Reklama

Bob Rock: Mistrz czy psuja?

19 kwietnia 2014 r. 60 lat kończy Kanadyjczyk Bob Rock, kojarzony jako znakomity producent muzyczny oraz... facet, który zniszczył Metallicę. Obie te perspektywy da się poprzeć argumentami.

Portfolio blondwłosego producenta zaczęło pęcznieć, kiedy uświadomił sobie, że nawet z takim nazwiskiem nie zostanie gwiazdą rocka. Jego zespół Payola$ odnosił względne sukcesy w Kanadzie, otarł się również o listę "Billboardu", ale ostatecznie grupa nie wytrzymała konkurencji i wewnętrznych tarć.

Bob Rock był jednak na tyle inteligentny, że równolegle z graniem w zespole rozwijał się jako fachowiec od rejestrowania muzyki. Ukończył odpowiedni kurs i złapał fuchę w studiu nagrań w Vancouver. Najpierw kopiował taśmy i sprzątał, później awansował na asystenta inżyniera dźwięku.

Reklama

Konflikt z mentorem

Producent Bruce Fairbairn zauważył, że Bob Rock ma do dźwięku smykałkę i zatrudnił go do miksowania nagrań na albumach, którymi się wtedy (a więc w latach 80.) zajmował.

Był wśród nich debiut grupy Loverboy z 1981 roku. Bob Rock chwali się, że zmiksowana przez niego piosenka "Working For The Weekend" z tej płyty była pierwszym w jego karierze numerem jeden na listach przebojów.

Po sukcesie albumu zatytułowanego po prostu "Loverboy" duet Fairbairn-Rock otrzymywał coraz lepsze zlecenia. Gdy razem kształtowali ostateczne brzmienie takich nagrań, jak "Slippery When Wet" Bon Jovi (1986 r.) czy "Permanent Vacation" Aerosmith (1987 r.), Bob już wiedział, że właśnie tym chce się w życiu zajmować.

Praca nad płytą Aearosmith zbiegła się z konfliktem z Bruce'em Fairbairnem. Spór dotyczył, jakże by inaczej, finansów i sprawił, że drogi obu dżentelmenów się rozeszły. Bob Rock był zdeterminowany, by wreszcie pracować "na swoim", by podpisać się na ważnej rockowej płycie jako wyłączny producent.

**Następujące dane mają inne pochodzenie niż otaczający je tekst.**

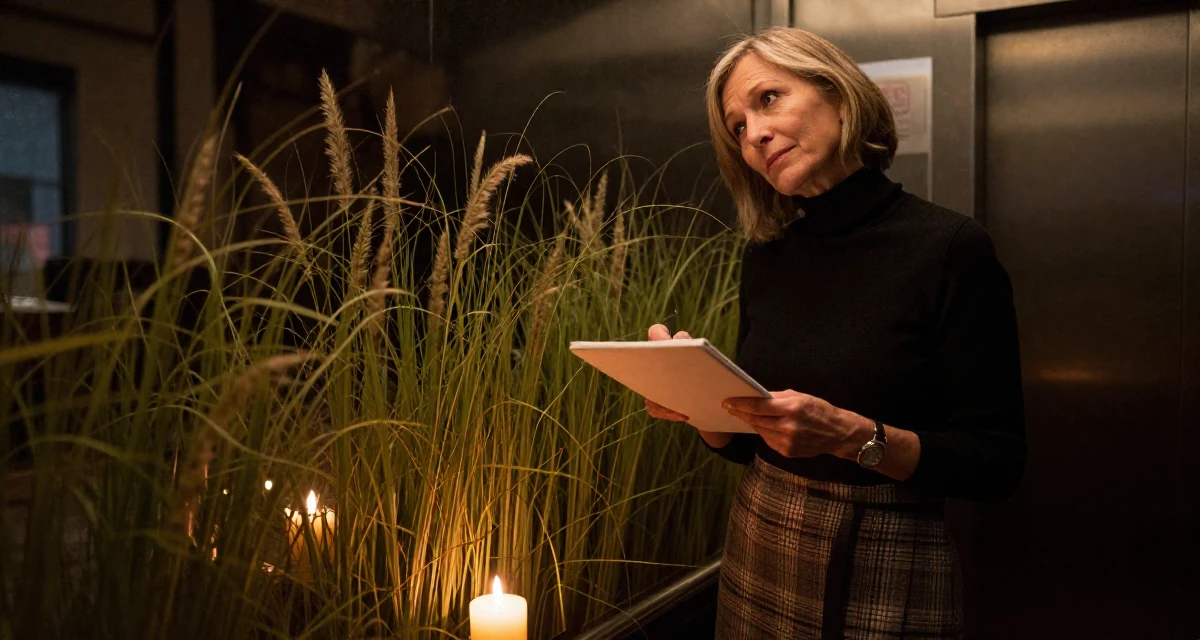 A zoned out Female Former café waitress, now documenting daily aesthetics for fans in their 48, grandmother sharing joy and family recipes, wearing a classic black turtleneck tucked into a plaid midi skirt, waiting for a taxi in a elevator hall.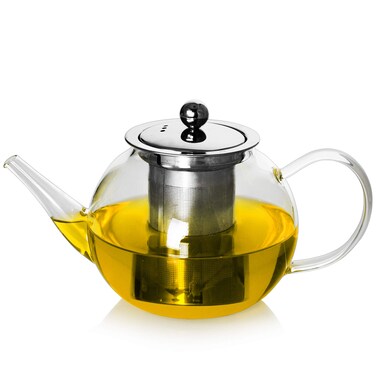 LUXU Glass Teapot with Stainless Steel Infuser  LidStovetop Safe 1100ml37 oz Clear Glass Tea Kettle with Comfortable HandlePremium Blooming and Loose Leaf Tea Maker Set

W 1989 roku dopiął swego. Samodzielnie wyprodukował album gwiazdy rocka. Album, który na dodatek odniósł gigantyczny sukces, pokrywając się sześciokrotną platyną w Stanach Zjednoczonych. Współpraca z krnąbrnymi chłopakami z Motley Crue okazała się niezwykle owocna dla obu stron, a album "Dr. Feelgood", bo o nim cały czas mowa, najlepszym tego dowodem.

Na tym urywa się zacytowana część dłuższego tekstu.